__TASK ITEM__:
Copy only what lies from the line containing "The available work" through the line containing "So for this" in the entries below, keeping both end lines exact and dropping every picture.

(Recorded data)
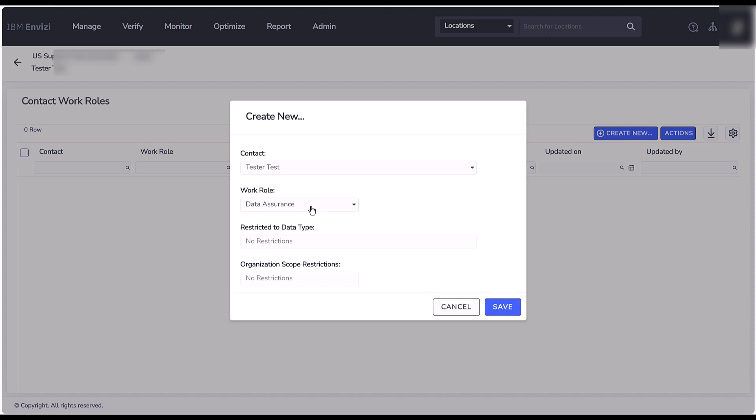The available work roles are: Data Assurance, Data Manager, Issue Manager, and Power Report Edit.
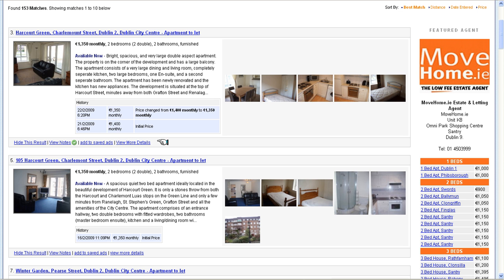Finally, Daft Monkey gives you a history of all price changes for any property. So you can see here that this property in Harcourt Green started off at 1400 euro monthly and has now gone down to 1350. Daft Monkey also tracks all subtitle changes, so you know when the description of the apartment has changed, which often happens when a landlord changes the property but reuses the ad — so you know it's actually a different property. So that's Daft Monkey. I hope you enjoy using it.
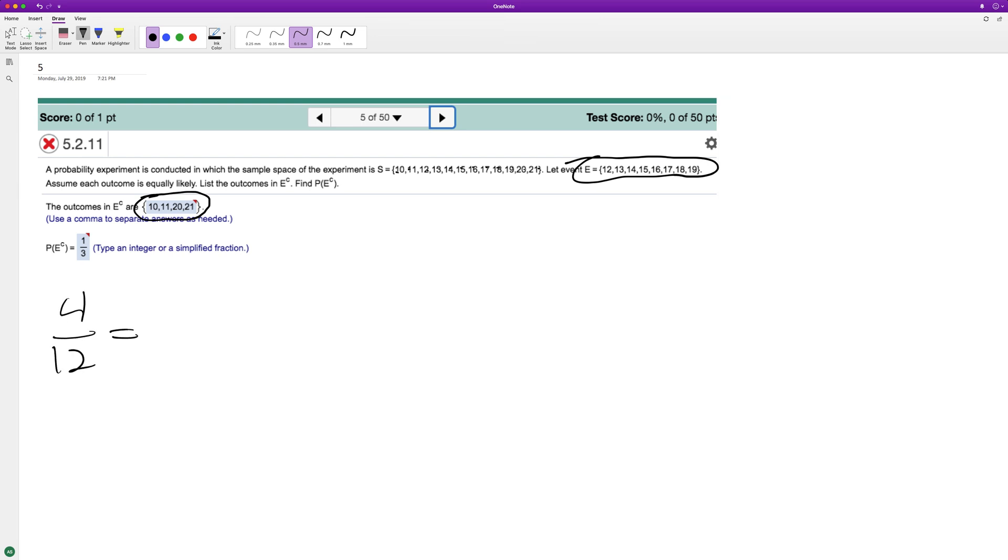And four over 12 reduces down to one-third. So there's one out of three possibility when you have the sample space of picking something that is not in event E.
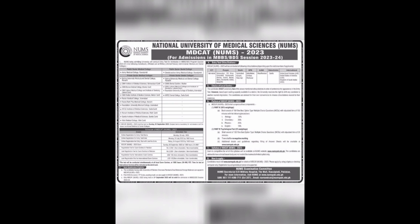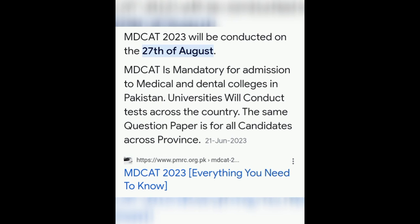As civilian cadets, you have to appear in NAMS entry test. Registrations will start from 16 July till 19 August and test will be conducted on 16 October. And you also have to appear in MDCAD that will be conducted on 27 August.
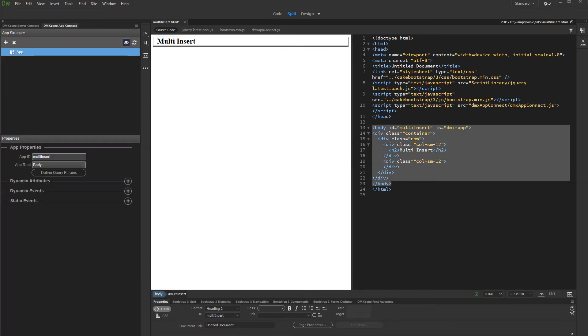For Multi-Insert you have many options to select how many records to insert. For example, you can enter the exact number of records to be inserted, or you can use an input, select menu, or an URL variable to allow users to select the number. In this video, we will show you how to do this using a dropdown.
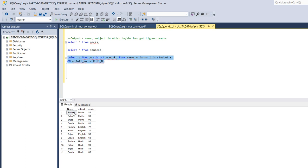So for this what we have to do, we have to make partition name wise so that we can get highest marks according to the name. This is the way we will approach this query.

---

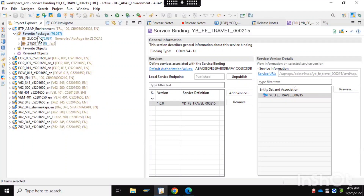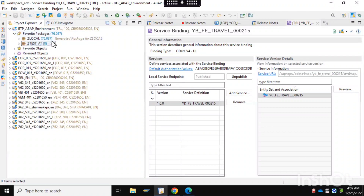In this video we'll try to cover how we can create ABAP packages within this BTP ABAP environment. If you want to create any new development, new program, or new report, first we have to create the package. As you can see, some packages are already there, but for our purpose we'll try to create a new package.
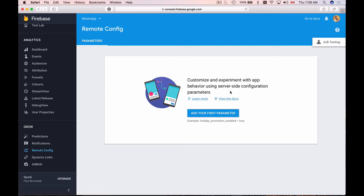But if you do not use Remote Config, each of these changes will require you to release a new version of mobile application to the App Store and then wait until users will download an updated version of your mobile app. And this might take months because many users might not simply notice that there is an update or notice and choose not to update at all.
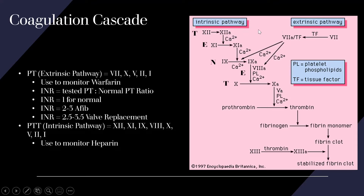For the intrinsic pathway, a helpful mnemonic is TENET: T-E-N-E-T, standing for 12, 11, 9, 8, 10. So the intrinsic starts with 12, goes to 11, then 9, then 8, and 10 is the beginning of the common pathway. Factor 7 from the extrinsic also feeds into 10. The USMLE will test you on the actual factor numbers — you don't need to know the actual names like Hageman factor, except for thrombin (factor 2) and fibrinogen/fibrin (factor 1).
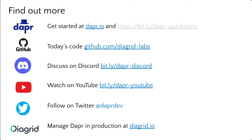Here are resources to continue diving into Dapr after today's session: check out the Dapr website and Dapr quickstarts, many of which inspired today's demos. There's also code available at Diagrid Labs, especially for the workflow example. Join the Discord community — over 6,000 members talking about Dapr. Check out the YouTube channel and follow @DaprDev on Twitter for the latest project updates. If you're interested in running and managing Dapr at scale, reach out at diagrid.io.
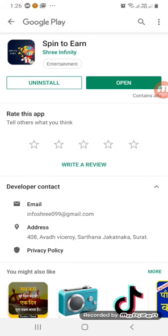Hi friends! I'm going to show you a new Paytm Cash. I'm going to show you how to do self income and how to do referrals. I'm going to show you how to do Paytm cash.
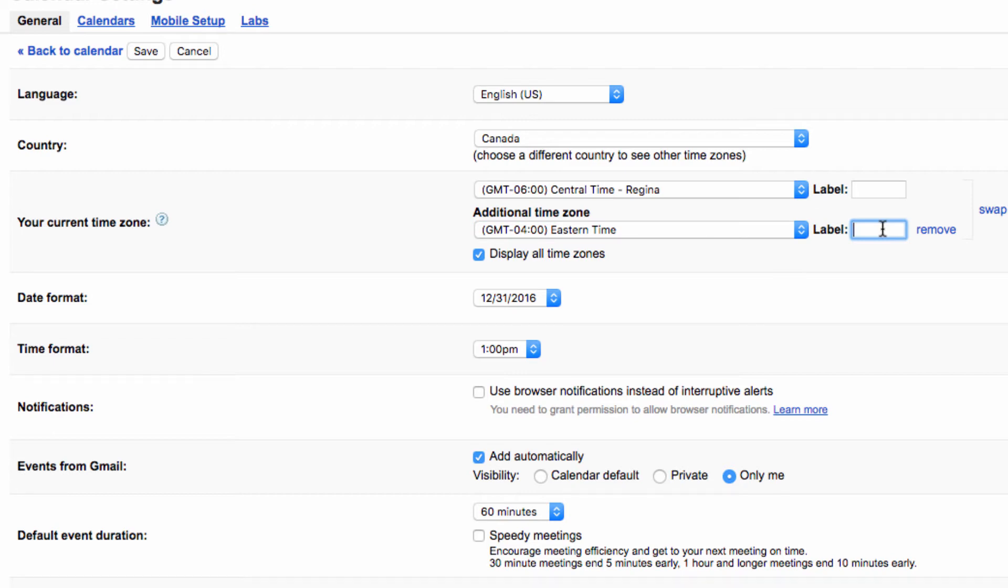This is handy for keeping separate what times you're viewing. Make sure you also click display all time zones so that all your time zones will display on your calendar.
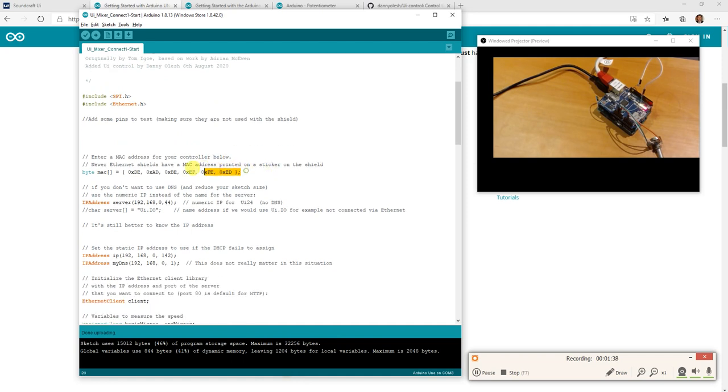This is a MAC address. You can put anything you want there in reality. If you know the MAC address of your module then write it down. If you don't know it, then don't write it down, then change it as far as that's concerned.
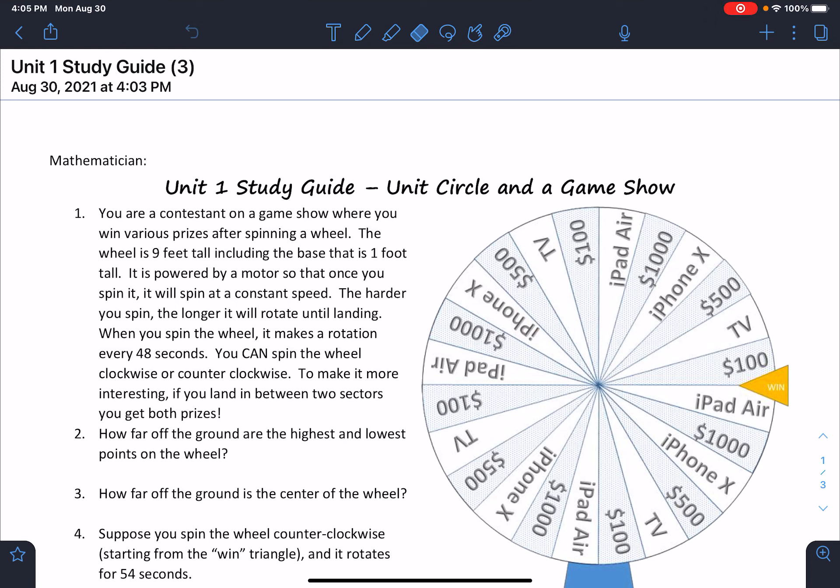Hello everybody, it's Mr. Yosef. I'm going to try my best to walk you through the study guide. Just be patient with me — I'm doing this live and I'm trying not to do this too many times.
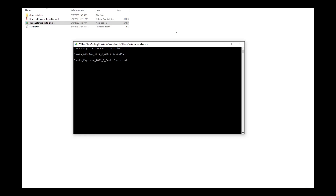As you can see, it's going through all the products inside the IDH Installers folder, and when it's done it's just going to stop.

__RESULT__:
The available work roles are: Data Assurance, Data Manager, Issue Manager, and Power Report Edit.
Finally, Daft Monkey gives you a history of all price changes for any property. So you can see here that this property in Harcourt Green started off at 1400 euro monthly and has now gone down to 1350. Daft Monkey also tracks all subtitle changes, so you know when the description of the apartment has changed, which often happens when a landlord changes the property but reuses the ad — so you know it's actually a different property. So that's Daft Monkey. I hope you enjoy using it.
And four over 12 reduces down to one-third. So there's one out of three possibility when you have the sample space of picking something that is not in event E.
As civilian cadets, you have to appear in NAMS entry test. Registrations will start from 16 July till 19 August and test will be conducted on 16 October. And you also have to appear in MDCAD that will be conducted on 27 August.
For Multi-Insert you have many options to select how many records to insert. For example, you can enter the exact number of records to be inserted, or you can use an input, select menu, or an URL variable to allow users to select the number. In this video, we will show you how to do this using a dropdown.
So for this what we have to do, we have to make partition name wise so that we can get highest marks according to the name. This is the way we will approach this query.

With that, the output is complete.